*Activity*
Without pictures, repeat the lines of the entries from the one containing "CLEMENTINE Journal Notebook" through the last, both ends included, and nothing else.

Dataset records
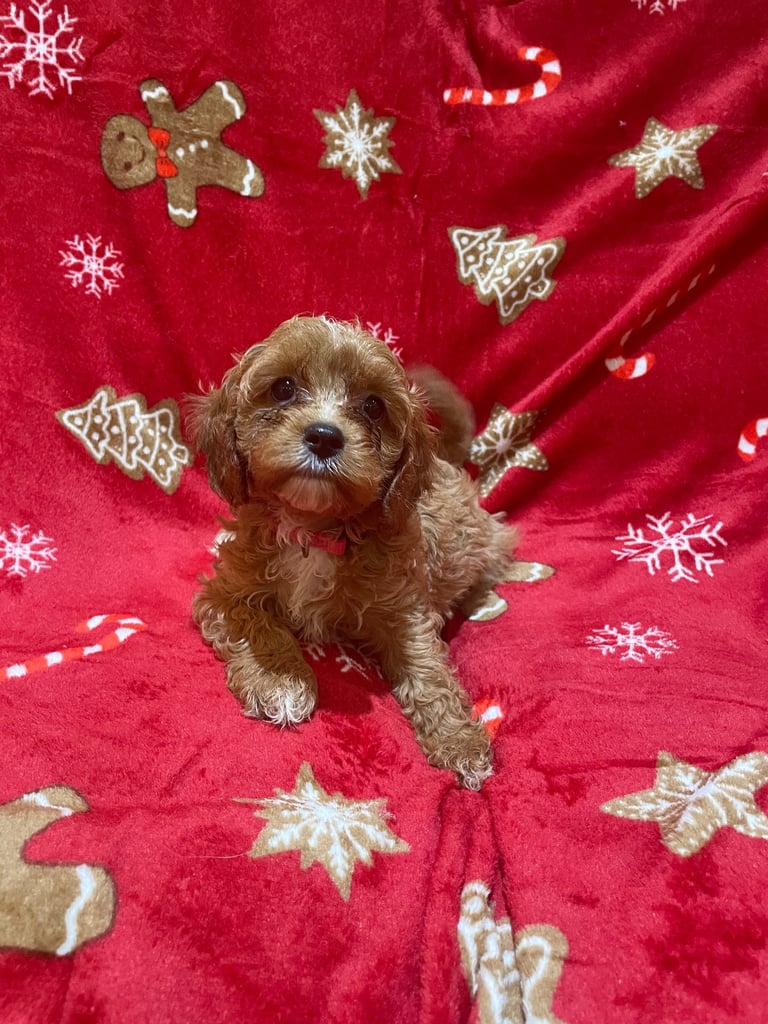 🐶🐶Beautiful fluffy Cavapoo puppies 🐶 🐶
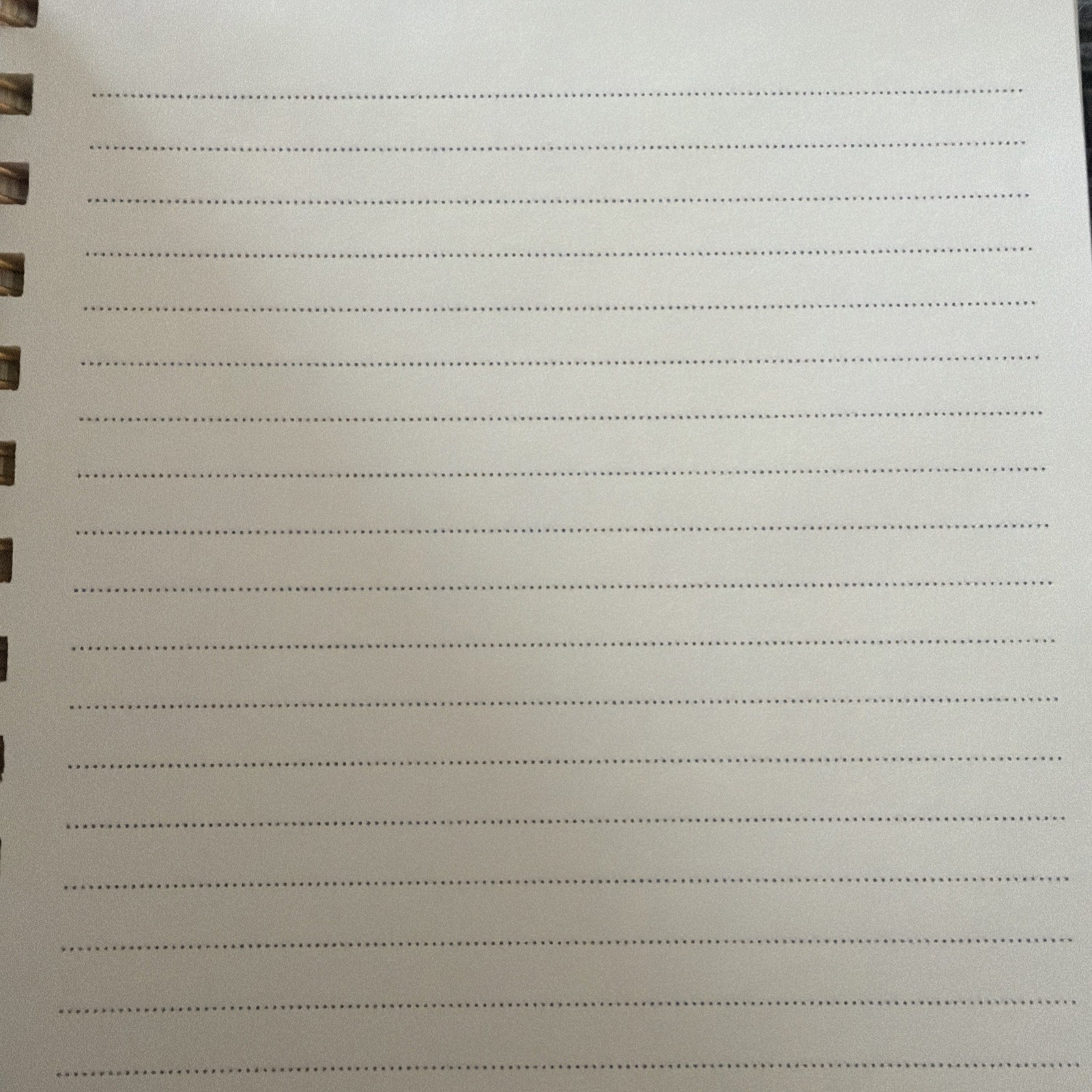 CLEMENTINE Journal Notebook 300 Lined Pages Hardcover Spiral pink Floral 8x6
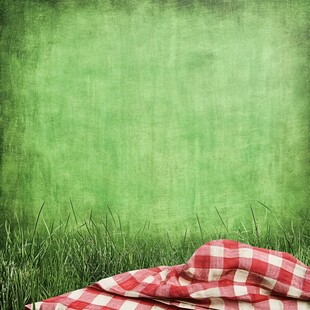 草地上的红白格子野餐布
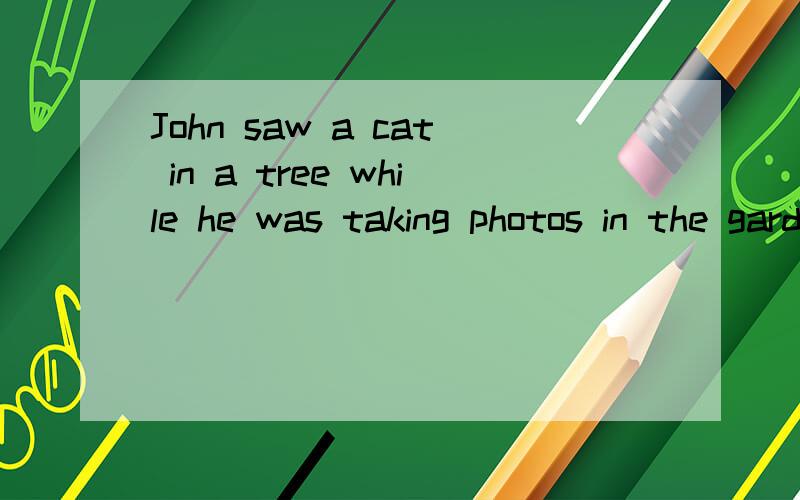 John saw a cat in a tree while he was taking photos in the garden./saw a cat in a tree画线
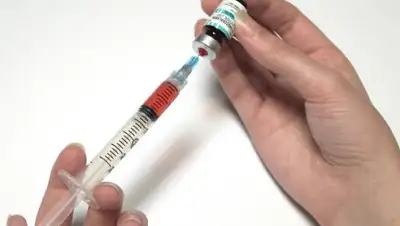 © СС0, фото - Новости Zakon.kz от 13.02.2018 10:40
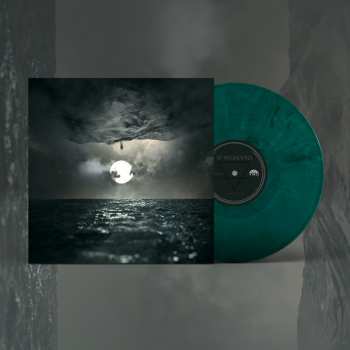 Album Wooden Veins: In Finitude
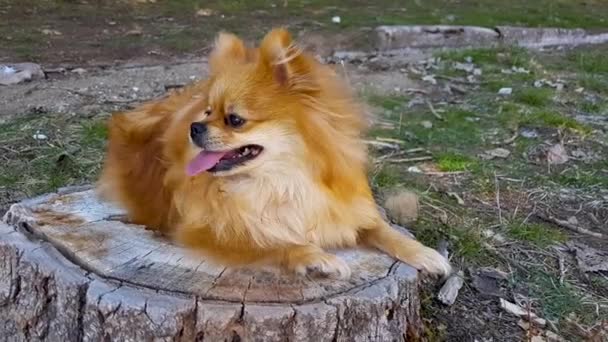 Spitz Poméranien chien couché sur un tronc d'arbre dans le parc
 - Séquence, vidéo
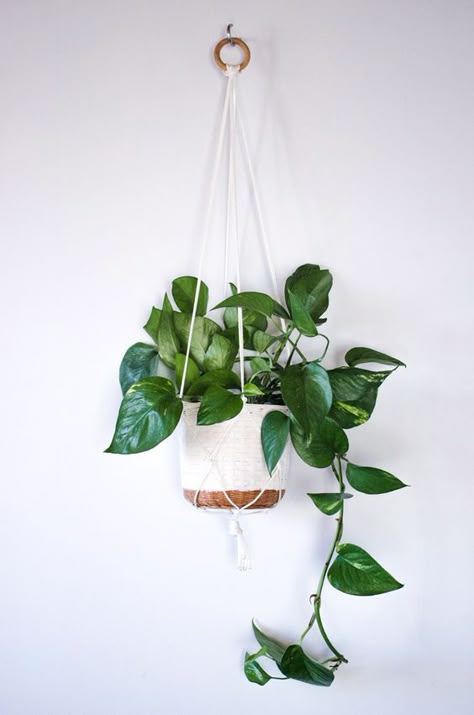 DIY: Plant hanger: Plant Hanging, نباتات منزلية, Hanging Plants Indoor, Diy Plant Hanger, Best Indoor Plants, Houseplants Indoor, Interior Plants, Easy Plants, Diy Plants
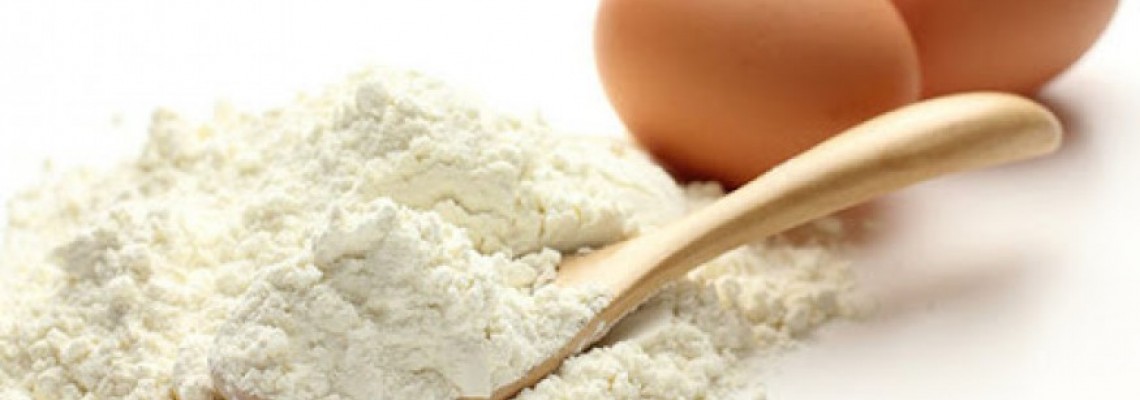 Yumurta Akı Tozu Egg White Powder Nedir ve Ne İşe Yarar ?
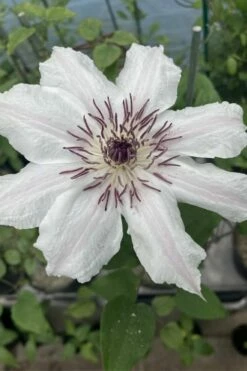 Snow Queen Clematis - 1 Gallon Pot -Wilson Bros Gardens Shop clematis snow queen 7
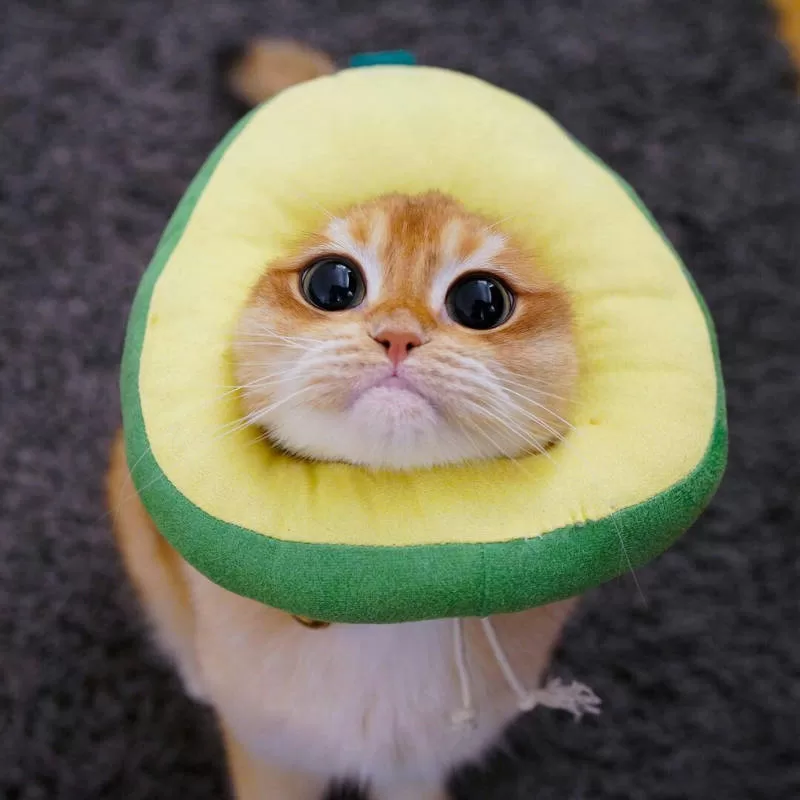 gato de abacate 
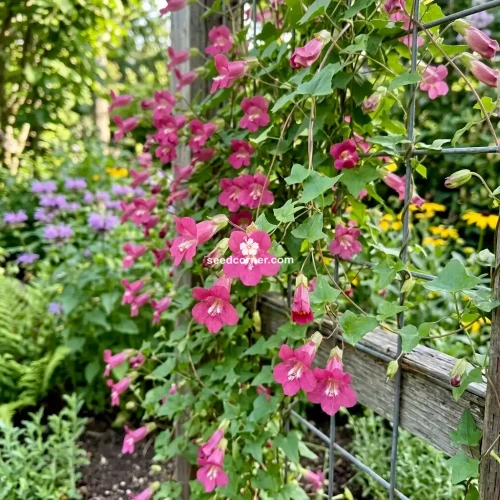Asarina Climbing Snapdragon Rose Asarina Scandens Seeds 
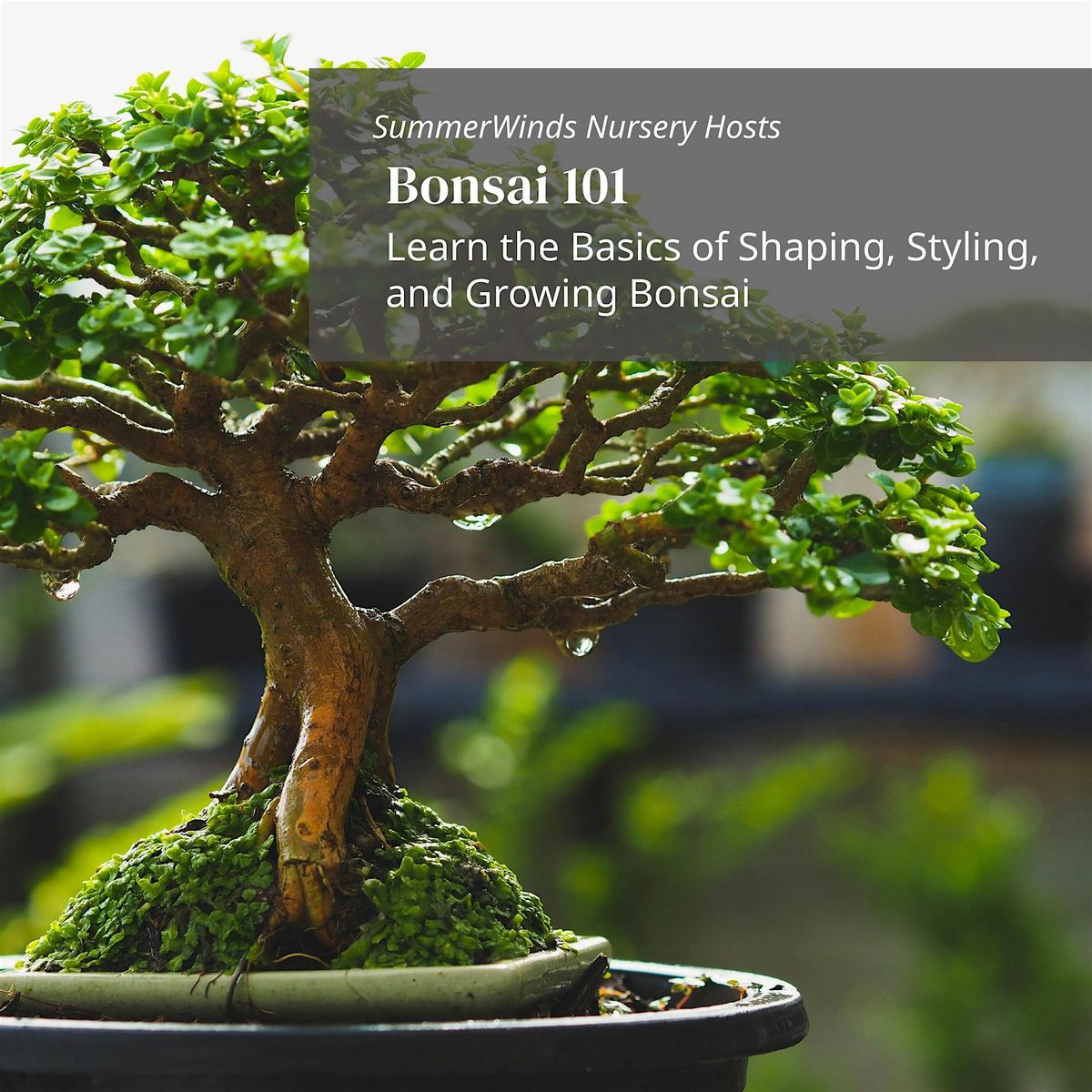 Bonsai 101 - Palo Alto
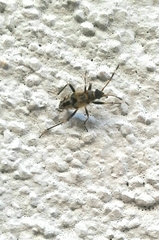 Beosus maritimus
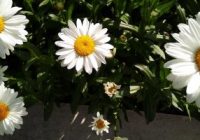 Risale Dersi 690: 29.Mektup 26 Risale Dersi 690: 29.Mektup 26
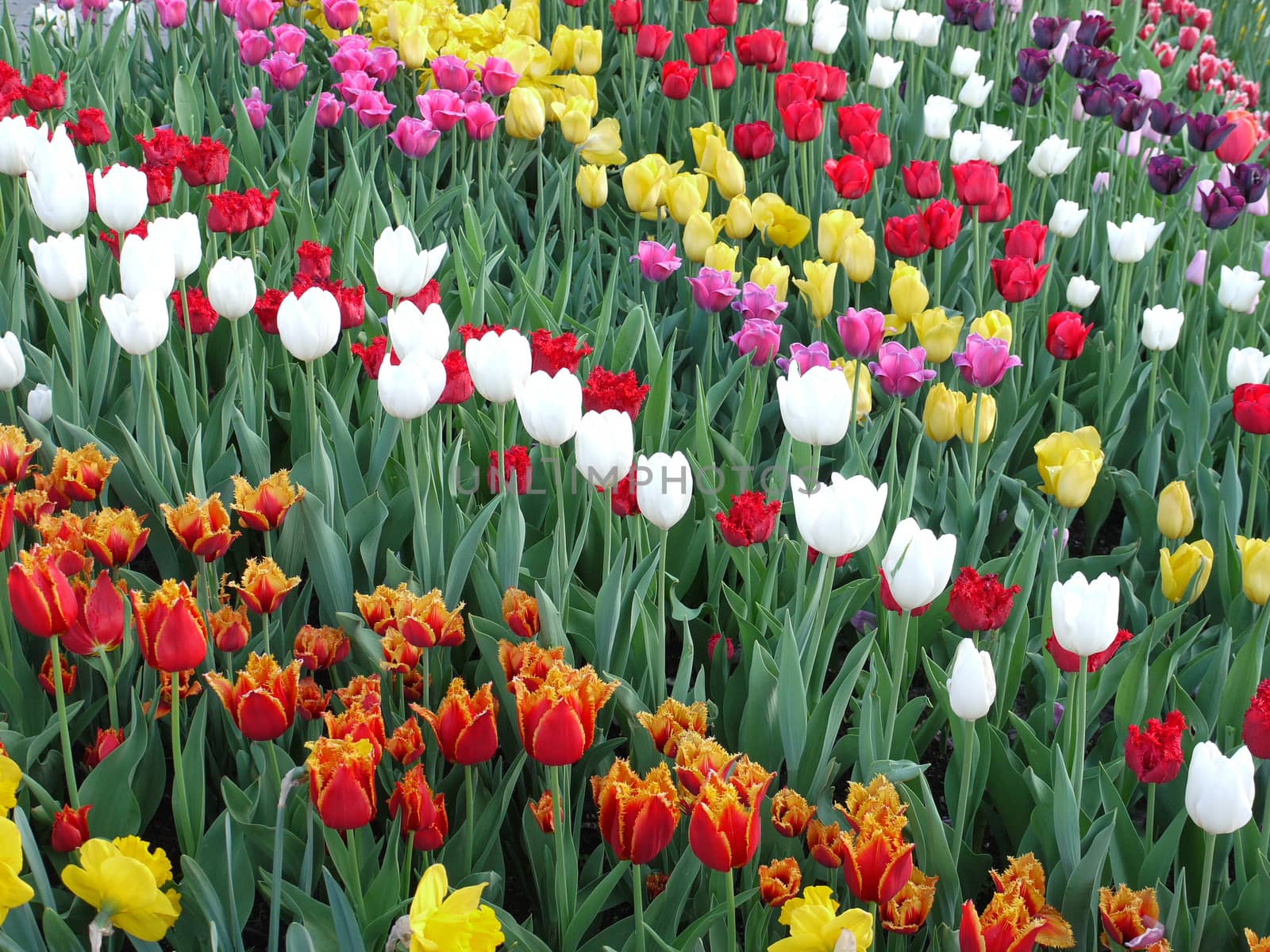 elegant and unsurpassed tulips on the flower bed for every taste and color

*Written answer*
 CLEMENTINE Journal Notebook 300 Lined Pages Hardcover Spiral pink Floral 8x6
 草地上的红白格子野餐布
 John saw a cat in a tree while he was taking photos in the garden./saw a cat in a tree画线
 © СС0, фото - Новости Zakon.kz от 13.02.2018 10:40
 Album Wooden Veins: In Finitude
 Spitz Poméranien chien couché sur un tronc d'arbre dans le parc
 - Séquence, vidéo
 DIY: Plant hanger: Plant Hanging, نباتات منزلية, Hanging Plants Indoor, Diy Plant Hanger, Best Indoor Plants, Houseplants Indoor, Interior Plants, Easy Plants, Diy Plants
 Yumurta Akı Tozu Egg White Powder Nedir ve Ne İşe Yarar ?
 Snow Queen Clematis - 1 Gallon Pot -Wilson Bros Gardens Shop clematis snow queen 7
 gato de abacate 
Asarina Climbing Snapdragon Rose Asarina Scandens Seeds 
 Bonsai 101 - Palo Alto
 Beosus maritimus
 Risale Dersi 690: 29.Mektup 26 Risale Dersi 690: 29.Mektup 26
 elegant and unsurpassed tulips on the flower bed for every taste and color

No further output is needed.